MLCommons chairman David Kanter said the benchmark suite is a "barometer for the whole industry," calling it "more exciting than Moore's Law," the historical measure of transistor improvement.
"You can see that since the start of MLPerf training, we've managed to boost performance, at the high side, by 27 times," said Kanter. Accuracy has also gone up at the same time, said Kanter.
"It's important to think about these not just as technical problems but as things that affect people's real lives," said Victor Bittorf, who serves as the chair of the ML Commons working group on ML training.
There appears to be a trend of companies and institutions using the MLPerf suite in their purchase decisions. Nvidia cited Taiwan Semiconductor Manufacturing, the world's biggest contract chip manufacturer, saying the tests are "an important factor in our decision making" when purchasing computers to run AI to use in chip making.
Although the tests are representative, there is an important divide between the benchmarks and the real-world implementations, according to Nvidia's Kharya, Real-world implementations use supercomputers, were the size of small models such as the benchmark ResNet-50 would be trivial.
Instead, those supercomputers are crunching neural networks with a trillion parameters or more, and still take days or weeks to train.
"Scale is really important," said Kharya. "We can train BERT in less than a minute on Selene," the supercomputer built with Intel's A100 GPUs and AMD EYPC microprocessors. "But it would take over two weeks to train a GPT-3 model, even on Selene," said Kharya, referring to the state-of-the-art language model from startup Open-AI.
Kharya's point was that Nvidia's performance gains will be amplified in the real world.
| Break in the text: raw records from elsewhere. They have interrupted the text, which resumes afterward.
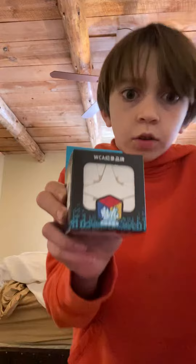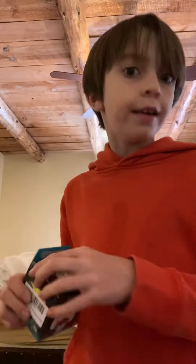Hey guys, and today we're going to be unboxing the Pollard's Cube. That's right, the Pollard's Cube.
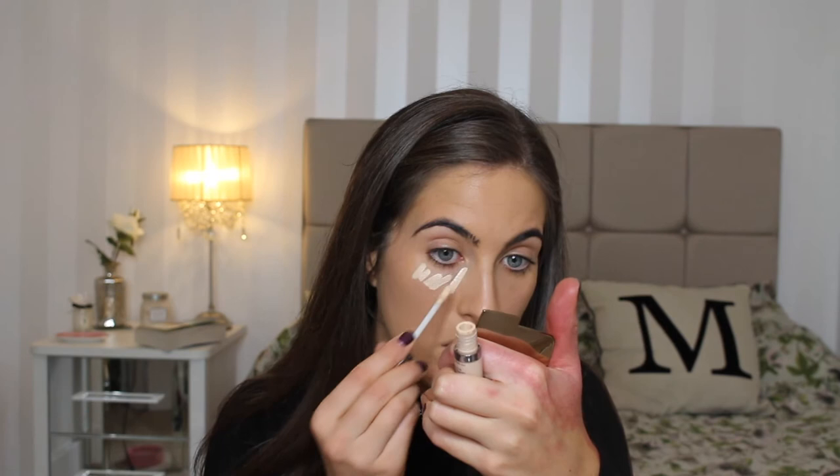Okay once that's all blended in we're going to go in with concealer. I'm going to use a bit of a lighter concealer. This is the Naked Skin in the shade Light Warm by Urban Decay. I'm just going to put a little bit under my eyes, also on my eyelids to prep my eye shadow. Now that's been sitting there for a little bit I'm just going to blend it in with my beauty blender. I like to take it down the nose just to give that lightening effect.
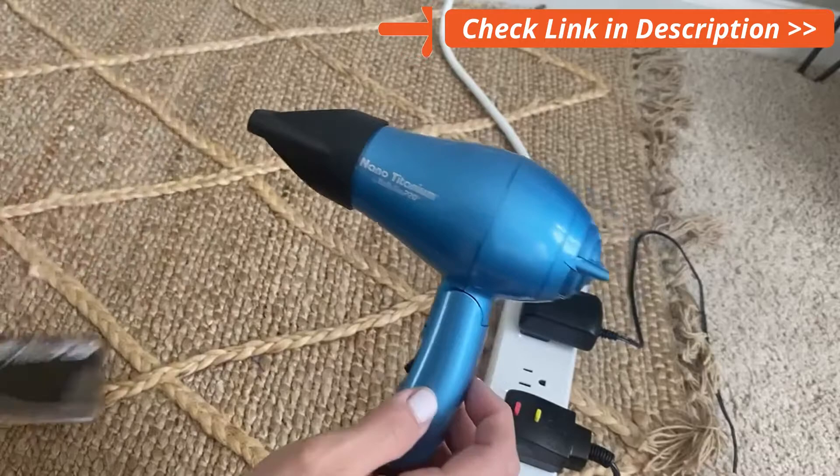It's not loud at all. Very lightweight — you can use it with or without the nozzle. And it does get really hot; I can't leave my hand in front of that, so it definitely throws a lot of heat. Simple as that.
A speed-up of three times in the performance of its GPUs on the small BERT model used in MLPerf, he said, will translate to a three-times speed-up in projects that take weeks to months to train.
That means Nvidia's progress can bring substantial reductions in the biggest training projects, he said.
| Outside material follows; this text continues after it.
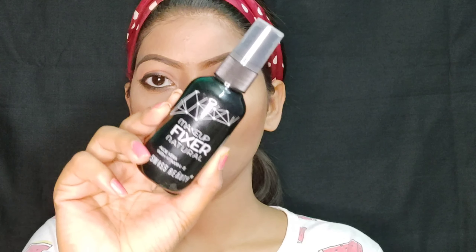And last, I am using Swiss Beauty Makeup Fixer to set my face. I spray it on my face and then dab gently with a beauty blender so it is absorbed well. And this is my final look!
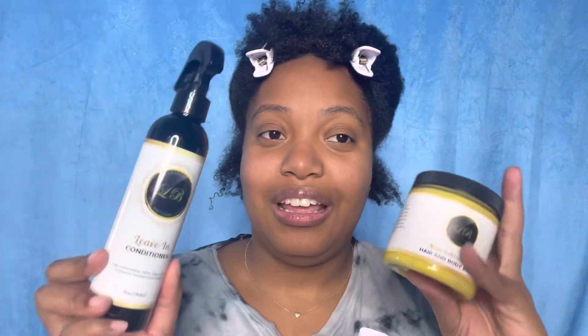Hey guys, it's Kem Camera, my name is Kemba in case you're curious. Thank you for joining me for another video, and if you're new then welcome. So today, as you can see I look crazy - we're gonna get into the styling portion of my wash day, and this portion is actually sponsored by none other than Lien's Beauty.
"A difference of one minute versus one hour would look like a lot more in the real world," said Kharya.
The MLCommons in November debuted a separate set of benchmark tests for high-performance computing, or HPC, systems running the machine learning tasks.
Such grand scale is really where Graphcore and Cerebras and the rest are setting their sights.
"There's this whole space where very big companies are looking at very big language models," observed Graphcore's Fyles. "That will transition to other very large models where different types of models are combined, such as a mixture of experts."
For the startups, including Graphcore, the implicit hope is that such complex tasks will ultimately take them beyond merely competing on benchmarks with Nvidia, instead changing the paradigms in AI to their own advantage.
"If we just have a GPU model, if all we're doing is running GPU models, that's all we'll do, is compete with a GPU," said Fyles. "We are working with labs to get them to look at the IPU for a variety of uses, as more than simply in comparison to Nvidia."